Sunday, October 07, 2007

Ostia (the death of Pasolini)

Would anyone dare to describe Jhonn Balance's death as a tragedy in the literal sense of the word - as an organized expression which forms the logical end point of Coil's oeuvre?


In an article in the September 27, 2007 issue of The New York Review Of Books , called "The Passion Of Pasolini" Nathaniel Rich reviews several books on the Italian filmmaker and author. Among the books reviewed is a catalog for a 2005 exhibition at the Pinakothek der Moderne in Munich, called "P.P.P.: Pier Paolo Pasolini And Death". One of the authors of the catalog, Giuseppe Zigaina, proposes the theory that Pasolini organized his own death as an artwork that would be the crown upon his entire oeuvre. Zagaina in fact proposes that Pasolini's death was an suicidal artwork.

Nathaniel Rich writes: "Zigaina is not the first writer to examine Pasolini's work for clues to his death. Just after it happened, Alberto Moravia, who had been Pasolini's close friend for more than thirty years and who wrote a book about his murder in 1977, said that he recognized the murder scene in Ostia from Pasolini's descriptions of several landscapes in his two novels, Ragazzi di vita (The Ragazzi) and Una Vita Violenta (A Violent Life), and in an image from his first film, Accatone. (Pasolini had actually shot footage of the site a year earlier, for use in his film Il fiore delle mille e una notte [A Thousand And One Nights]). But Zigaina is the first to interpret these connections as anything more than poetic irony".

I think Alberto Moravia's book that Rich is referring to is the 1977 book "Pasolini: cronaca giudiziaria, persecuzione, morte" by Fernando Bandini and Laura Betti. The book has a preface by Moravia.

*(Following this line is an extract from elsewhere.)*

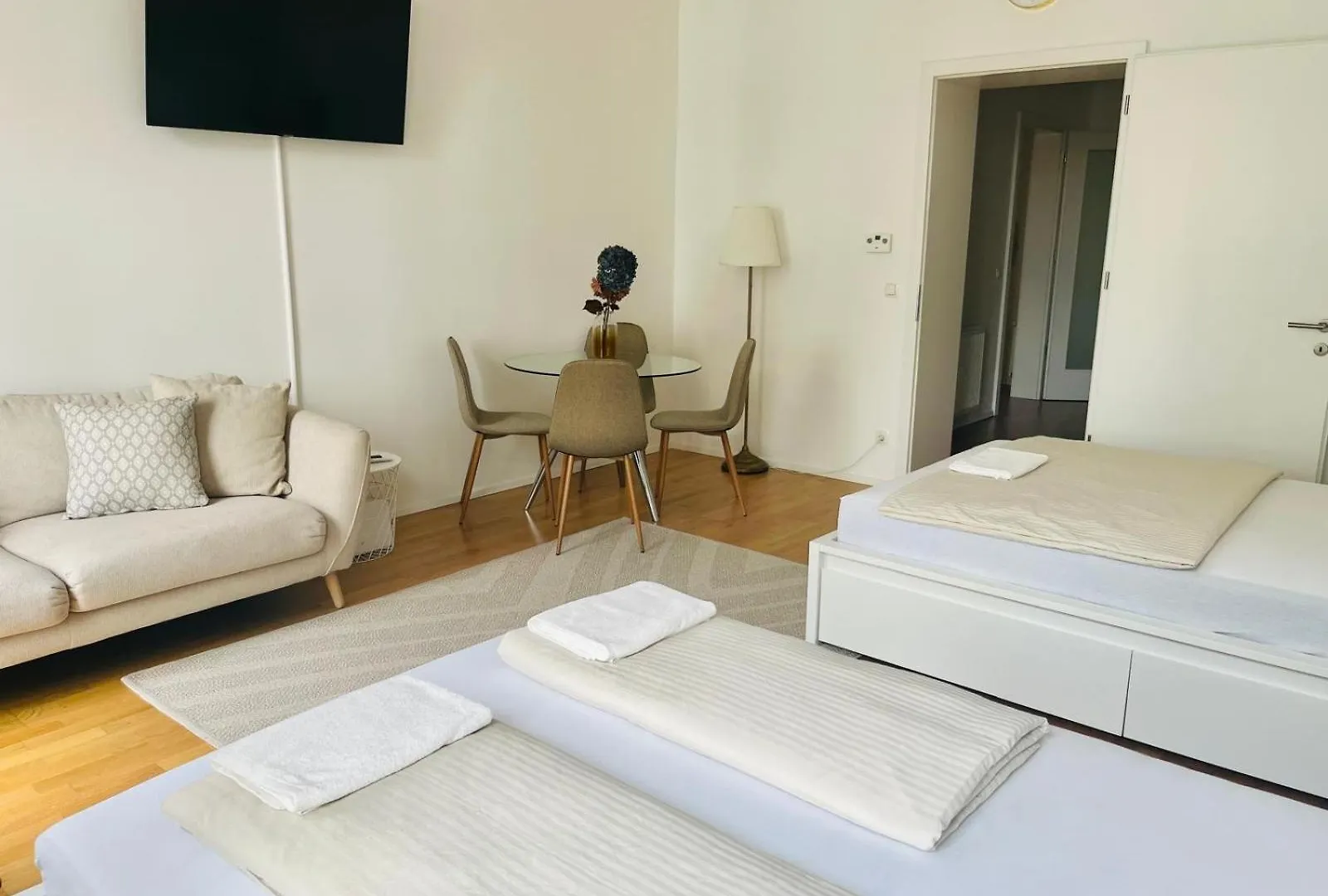 Zentrales Apartment Mit Balkon Vienna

Moravia's account of an unnatural death announcing itself in an artist's work long before that death occurs, reminded me strongly of Coil muscian Jhonn Balance and his death. Like Pasolini, Balance's lyrics give the impression that he foresaw the circumstances of his own death - enough to make one fleetingly believe superstitious, irrational things. The Treshold House website states correctly that "...much of the work of Coil, Jhonn's Life's Work in fact, described or addressed that Very Moment" (meaning the moment of his death). What makes this parallel all the more uncanny, is that Coil wrote a song about Pasolini's death, "Ostia (the death of Pasolini)". The song is part of Coil's seminal 1987 album Horse Rotorvator; the lyrics are reproduced below. In the song, Balance identifies with Pasolini; and Balance seems to forecast his own death once more when he sings "Throw his bones over / The White Cliffs / of Dover": he died at home after drunkenly losing his balance and tipping over the banisters, falling down as one might fall from cliffs.

Would anyone dare to write an essay on Balance, which describes him as "the 'organizer' of his own death, which, conceived as a form of expression, was indented to give meaning to his entire oeuvre" - that is, the same way Zigaina describes Pasolini?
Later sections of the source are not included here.